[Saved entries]
---

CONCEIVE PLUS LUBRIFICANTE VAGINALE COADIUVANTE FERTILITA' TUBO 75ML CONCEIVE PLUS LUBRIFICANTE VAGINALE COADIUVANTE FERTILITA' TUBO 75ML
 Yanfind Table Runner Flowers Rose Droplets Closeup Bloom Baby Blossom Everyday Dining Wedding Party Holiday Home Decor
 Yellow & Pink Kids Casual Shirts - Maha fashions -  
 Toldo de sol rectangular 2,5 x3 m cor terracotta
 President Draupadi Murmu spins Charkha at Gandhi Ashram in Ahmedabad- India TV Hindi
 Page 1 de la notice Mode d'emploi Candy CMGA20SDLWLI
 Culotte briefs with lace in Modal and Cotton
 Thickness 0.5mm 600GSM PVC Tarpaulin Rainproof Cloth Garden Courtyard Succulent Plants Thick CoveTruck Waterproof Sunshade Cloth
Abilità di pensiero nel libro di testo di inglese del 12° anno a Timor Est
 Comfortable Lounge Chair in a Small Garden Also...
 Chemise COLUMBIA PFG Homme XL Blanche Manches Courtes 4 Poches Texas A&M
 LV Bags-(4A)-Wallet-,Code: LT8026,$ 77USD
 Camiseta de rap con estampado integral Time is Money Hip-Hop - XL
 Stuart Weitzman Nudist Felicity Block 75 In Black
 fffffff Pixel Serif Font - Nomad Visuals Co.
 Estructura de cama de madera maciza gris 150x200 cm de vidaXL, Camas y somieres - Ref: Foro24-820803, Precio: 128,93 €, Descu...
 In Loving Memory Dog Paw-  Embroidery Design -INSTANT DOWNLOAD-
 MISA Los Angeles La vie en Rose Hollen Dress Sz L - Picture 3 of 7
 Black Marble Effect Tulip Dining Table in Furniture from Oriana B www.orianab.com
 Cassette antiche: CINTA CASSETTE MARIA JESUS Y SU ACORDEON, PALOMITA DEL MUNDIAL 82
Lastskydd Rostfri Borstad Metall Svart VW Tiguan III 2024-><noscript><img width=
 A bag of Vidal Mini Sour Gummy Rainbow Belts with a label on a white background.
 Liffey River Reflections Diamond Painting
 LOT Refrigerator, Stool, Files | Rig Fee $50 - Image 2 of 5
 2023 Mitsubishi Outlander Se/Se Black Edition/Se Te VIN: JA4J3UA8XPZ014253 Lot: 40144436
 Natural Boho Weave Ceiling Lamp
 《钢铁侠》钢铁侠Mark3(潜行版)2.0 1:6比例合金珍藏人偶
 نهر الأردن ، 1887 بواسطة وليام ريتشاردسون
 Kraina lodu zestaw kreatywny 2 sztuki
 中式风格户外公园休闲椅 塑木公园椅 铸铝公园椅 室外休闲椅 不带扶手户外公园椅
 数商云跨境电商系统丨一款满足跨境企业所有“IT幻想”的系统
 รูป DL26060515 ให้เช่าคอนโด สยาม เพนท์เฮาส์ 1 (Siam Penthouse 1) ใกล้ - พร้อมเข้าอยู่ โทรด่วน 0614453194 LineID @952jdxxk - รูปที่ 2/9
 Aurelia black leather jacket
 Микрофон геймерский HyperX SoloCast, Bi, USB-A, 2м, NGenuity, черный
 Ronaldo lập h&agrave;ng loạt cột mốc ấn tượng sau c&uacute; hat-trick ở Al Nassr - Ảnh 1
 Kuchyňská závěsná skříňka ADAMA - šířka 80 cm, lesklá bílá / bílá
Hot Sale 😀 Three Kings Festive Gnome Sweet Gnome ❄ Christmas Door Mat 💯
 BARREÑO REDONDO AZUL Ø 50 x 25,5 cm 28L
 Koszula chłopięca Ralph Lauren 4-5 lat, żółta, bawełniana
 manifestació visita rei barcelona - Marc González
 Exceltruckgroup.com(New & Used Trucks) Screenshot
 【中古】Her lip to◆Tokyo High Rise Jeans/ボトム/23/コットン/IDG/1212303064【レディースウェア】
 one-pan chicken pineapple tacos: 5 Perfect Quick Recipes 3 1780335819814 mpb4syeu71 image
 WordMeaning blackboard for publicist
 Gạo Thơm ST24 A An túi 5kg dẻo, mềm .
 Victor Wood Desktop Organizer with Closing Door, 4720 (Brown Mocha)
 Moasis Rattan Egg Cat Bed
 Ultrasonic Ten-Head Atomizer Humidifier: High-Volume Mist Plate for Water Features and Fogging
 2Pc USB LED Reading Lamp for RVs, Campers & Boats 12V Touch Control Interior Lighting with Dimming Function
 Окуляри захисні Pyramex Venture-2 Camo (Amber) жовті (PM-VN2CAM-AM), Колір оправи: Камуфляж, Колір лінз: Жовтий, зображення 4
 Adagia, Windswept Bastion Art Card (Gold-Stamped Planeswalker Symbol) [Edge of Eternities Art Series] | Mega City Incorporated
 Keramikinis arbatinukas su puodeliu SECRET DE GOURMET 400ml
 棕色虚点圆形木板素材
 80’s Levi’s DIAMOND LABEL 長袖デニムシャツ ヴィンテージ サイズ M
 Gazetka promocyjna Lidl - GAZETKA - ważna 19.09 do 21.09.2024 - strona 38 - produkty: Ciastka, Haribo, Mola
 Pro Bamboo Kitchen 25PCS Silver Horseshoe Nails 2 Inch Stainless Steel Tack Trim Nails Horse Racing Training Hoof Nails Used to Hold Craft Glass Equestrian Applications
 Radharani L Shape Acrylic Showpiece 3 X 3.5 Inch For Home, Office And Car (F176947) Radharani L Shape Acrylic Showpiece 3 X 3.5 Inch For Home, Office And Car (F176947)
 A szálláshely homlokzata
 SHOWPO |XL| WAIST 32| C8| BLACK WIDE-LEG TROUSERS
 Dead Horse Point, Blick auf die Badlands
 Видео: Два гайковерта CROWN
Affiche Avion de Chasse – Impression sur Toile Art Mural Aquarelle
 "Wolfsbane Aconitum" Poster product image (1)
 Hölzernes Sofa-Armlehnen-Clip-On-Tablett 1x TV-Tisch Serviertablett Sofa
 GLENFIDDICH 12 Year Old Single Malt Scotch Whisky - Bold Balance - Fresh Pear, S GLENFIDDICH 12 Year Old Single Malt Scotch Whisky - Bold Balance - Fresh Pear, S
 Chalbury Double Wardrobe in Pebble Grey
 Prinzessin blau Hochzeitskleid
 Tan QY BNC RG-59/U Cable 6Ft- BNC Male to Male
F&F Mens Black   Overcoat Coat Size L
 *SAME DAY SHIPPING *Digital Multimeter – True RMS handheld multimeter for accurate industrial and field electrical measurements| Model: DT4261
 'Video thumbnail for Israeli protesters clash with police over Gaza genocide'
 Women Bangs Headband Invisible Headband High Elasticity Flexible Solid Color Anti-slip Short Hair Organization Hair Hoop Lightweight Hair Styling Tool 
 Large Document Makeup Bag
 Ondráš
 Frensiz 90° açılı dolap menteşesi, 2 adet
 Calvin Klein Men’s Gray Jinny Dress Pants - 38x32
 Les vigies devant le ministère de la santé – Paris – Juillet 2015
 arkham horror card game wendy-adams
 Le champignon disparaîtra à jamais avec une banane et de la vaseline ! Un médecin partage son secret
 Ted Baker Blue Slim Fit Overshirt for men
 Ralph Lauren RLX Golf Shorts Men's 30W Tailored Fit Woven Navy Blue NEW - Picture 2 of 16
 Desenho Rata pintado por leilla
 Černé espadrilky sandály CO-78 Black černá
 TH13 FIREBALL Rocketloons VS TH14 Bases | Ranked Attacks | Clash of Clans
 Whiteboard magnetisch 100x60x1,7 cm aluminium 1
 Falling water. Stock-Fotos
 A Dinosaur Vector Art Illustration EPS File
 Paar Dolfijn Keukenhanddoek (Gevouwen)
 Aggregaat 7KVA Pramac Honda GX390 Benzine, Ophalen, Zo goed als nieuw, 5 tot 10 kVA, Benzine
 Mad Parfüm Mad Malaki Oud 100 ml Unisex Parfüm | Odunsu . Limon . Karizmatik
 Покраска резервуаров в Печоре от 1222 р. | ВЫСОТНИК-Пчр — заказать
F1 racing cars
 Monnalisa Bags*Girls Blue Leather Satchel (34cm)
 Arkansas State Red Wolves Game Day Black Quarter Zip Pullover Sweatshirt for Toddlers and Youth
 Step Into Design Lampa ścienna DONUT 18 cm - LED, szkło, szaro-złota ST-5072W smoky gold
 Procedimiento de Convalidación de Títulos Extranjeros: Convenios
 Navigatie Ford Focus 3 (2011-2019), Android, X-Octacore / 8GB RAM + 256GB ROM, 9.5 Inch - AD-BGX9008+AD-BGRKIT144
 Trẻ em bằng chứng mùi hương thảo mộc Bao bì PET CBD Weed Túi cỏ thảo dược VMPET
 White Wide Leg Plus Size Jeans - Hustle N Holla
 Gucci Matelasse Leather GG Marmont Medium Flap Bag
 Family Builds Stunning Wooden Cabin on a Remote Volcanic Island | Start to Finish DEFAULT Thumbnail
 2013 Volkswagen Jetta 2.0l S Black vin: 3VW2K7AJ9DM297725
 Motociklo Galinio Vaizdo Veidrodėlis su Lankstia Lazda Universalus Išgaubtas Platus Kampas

---

[TASK INSTRUCTIONS] Starting from the line containing "Trẻ em bằng" and ending with the final line of the data, reproduce each line exactly as it appears, including no other lines.

[SOLUTION BELOW]
 Trẻ em bằng chứng mùi hương thảo mộc Bao bì PET CBD Weed Túi cỏ thảo dược VMPET
 White Wide Leg Plus Size Jeans - Hustle N Holla
 Gucci Matelasse Leather GG Marmont Medium Flap Bag
 Family Builds Stunning Wooden Cabin on a Remote Volcanic Island | Start to Finish DEFAULT Thumbnail
 2013 Volkswagen Jetta 2.0l S Black vin: 3VW2K7AJ9DM297725
 Motociklo Galinio Vaizdo Veidrodėlis su Lankstia Lazda Universalus Išgaubtas Platus Kampas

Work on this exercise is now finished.